Anche quest’anno come da loro tradizione i miei giovani amici Emanuele,Vincenzone, Gino, Nicola, Niccolò, i 2 Andrea ed Alessandro non possono mancare all’annuale appuntamento del Moto Gp al Mugello.

Oserei dire che senza la loro presenza tutto il “contorno” di questa manifestazione perde quel significato di aggregazione, simpatia, amicizia e perche’ no di “sfida” tra le varie compagnie provenienti da tutta la nostra penisola.

Ed ecco appunto, come ogni anno, che il Gianni macelar  viene chiamato a preparare i viveri per la sussistenza del week-end. Grigliate varie e miste, porchette intere, porchette disossate e ripiene, pancettone di maiale arrotolato con ripieno di coppa di maiale ecc ecc sono state le piu’ gettonate negli anni passati. Quest’anno invece abbiamo optato per un “middless” di maiale. Il middless e’ praticamente la pancia ed il carre’  del maiale disossati. Dal mio fornitore di fiducia ho personalmente scelto la carne necessaria per questo tipo di preparazione. L’ho disossata di modo che la pancetta, ovviamente con la sua cotenna, resti attaccata al carre’; praticamente dev’essere ben aperta cosicche’ dopo e’ pronta per essere arrotolata. Dopo averla ben insaporita e massaggiata  con del sale fino e dell’ariosto , l’ho ricoperta tutta con della salvia, timo e rosmarino. A questo punto il middless è pronto per essere arrotolato e legato in maniera molto energica di modo che si compatti molto bene.

Prima di cucinarlo lo lascio in cella frigorifera almeno 24 ore cosi anche la lonza interna fa in tempo ad insaporirsi molto bene. Ora e’ arrivato il momento di cuocerlo nel mio forno. Opto tutta la vita per una cottura molto lenta ed a bassa temperatura (circa 5/6 ore) ma con una rosolatura alta di modo che la cotenna risulti croccante come un biscottino.

 

Purtroppo i miei amici non potranno gustare la cotenna croccante perche’ una volta cotto al middless  gli devo “abbattere” la temperatura molto velocemente  cosicche’ il prodotto, visto che lo trasportano e deve rimanere qualche giorno prima di essere consumato, non abbia problemi di carica batterica elevata.

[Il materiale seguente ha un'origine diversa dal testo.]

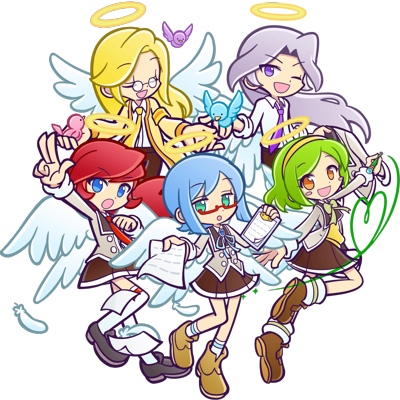 Angel Series's image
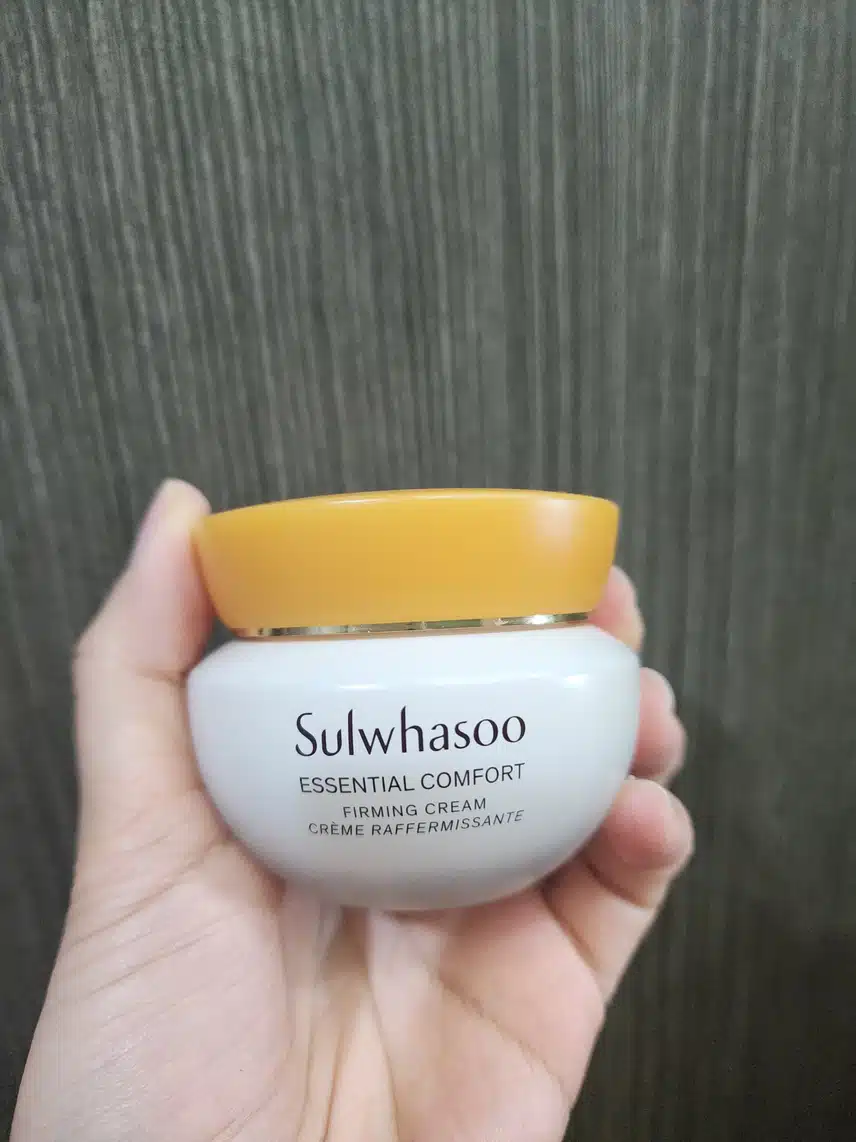 설화수 크림~~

Nel loro caso poi lo confeziono “sottovuoto”  e via che partono felici e contenti per il Mugello.

 

 

 

 

 

 

 

 

Tornando un passo indietro questa e’ una preparazione che Vi consiglio quando volete fare un figurone invitando amici a cena o per gruppi di persone che decidono di passare una serata in compagnia degustando un piatto facsimile alla porchetta alla romana, di sicura bonta’ e soprattutto con un’occhio di riguardo al portafoglio che in questo periodo non guasta di sicuro.

Come avrete notato questa piatto richiede una preparazione anticipata un po lunga, quindi onde evitare spiacevoli rifiuti, Vi invito a richiedermela almeno 4 giorni prima della Vs serata di modo che abbia la possibilita’ di selezionarla, disossarla,  salarla e massaggiarla, lasciarla riposare ed infine cuocerla per poi consegnarvela in un contenitore termico di modo che resti calda.

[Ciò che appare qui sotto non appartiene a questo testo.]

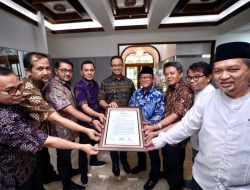 Teken Piagam, Koalisi Perubahan Resmi Usung Anies Baswedan sebagai Capres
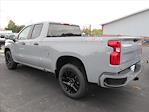 New 2025 Chevrolet Silverado 1500 Custom Double Cab 4WD, Pickup for sale #6943 - photo 2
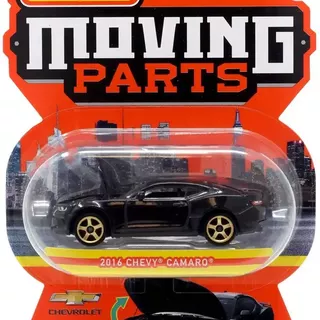 Matchbox Moving Parts Series - 2016 Chevy Camaro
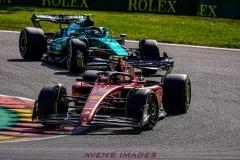 Formula 1 Rolex Belgian Grand Prix 2022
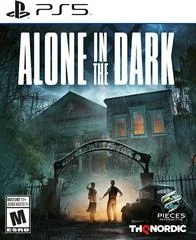 Background - Alone In The Dark - Playstation 5 - Retrocharting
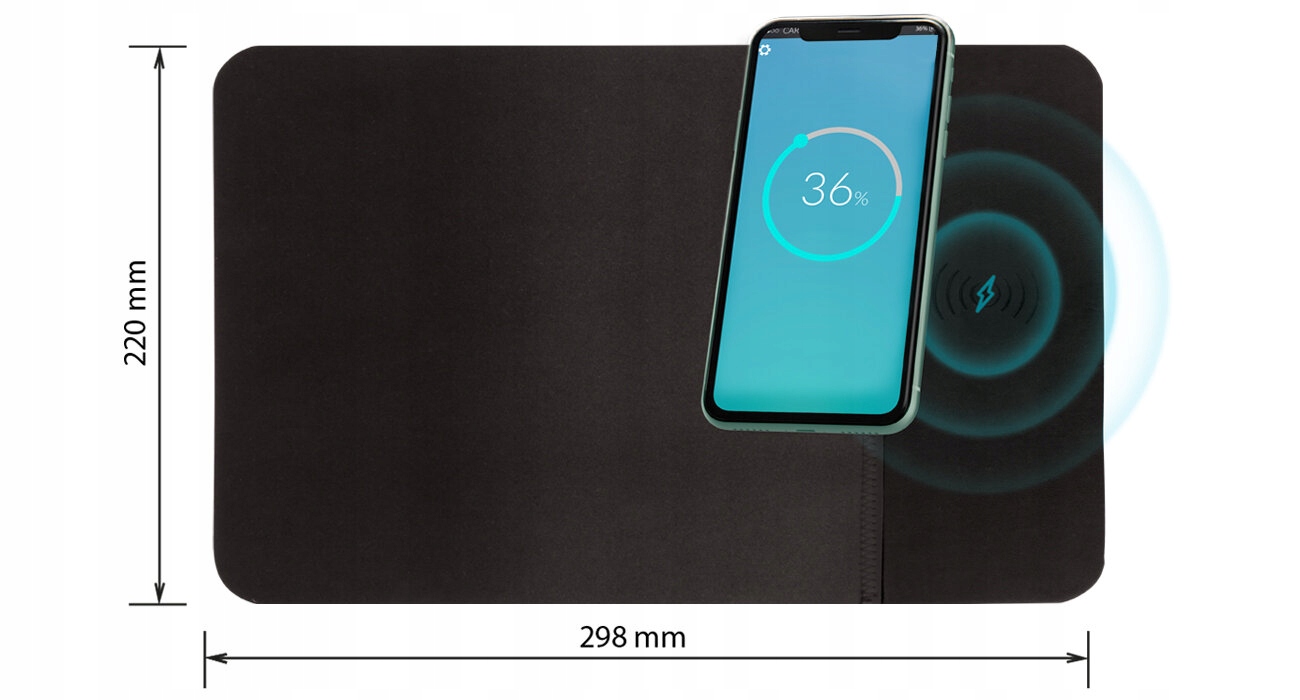 Wymiary podkładki – Idealne dopasowanie do Twojego biurka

Come avrete notato per Voi “sbattimento” zero, Vi lascio solo la preparazione di un contorno di stagione e vi garantisco che e’ sufficiente anche una semplice insalata o delle patatine fritte.

Servitelo con un vino rosso corposo e vedrete che il risultato sara’ eccellente. Parola di Gianni macelar….

Ah dimenticavo..giovani amici che siete in partenza, occhio alla guida delle vostre auto, e quando la mangiate bevetene una tazza anche per me. W la vita, W l’amicizia e la voglia di vivere, W Valentino e W il Mugello.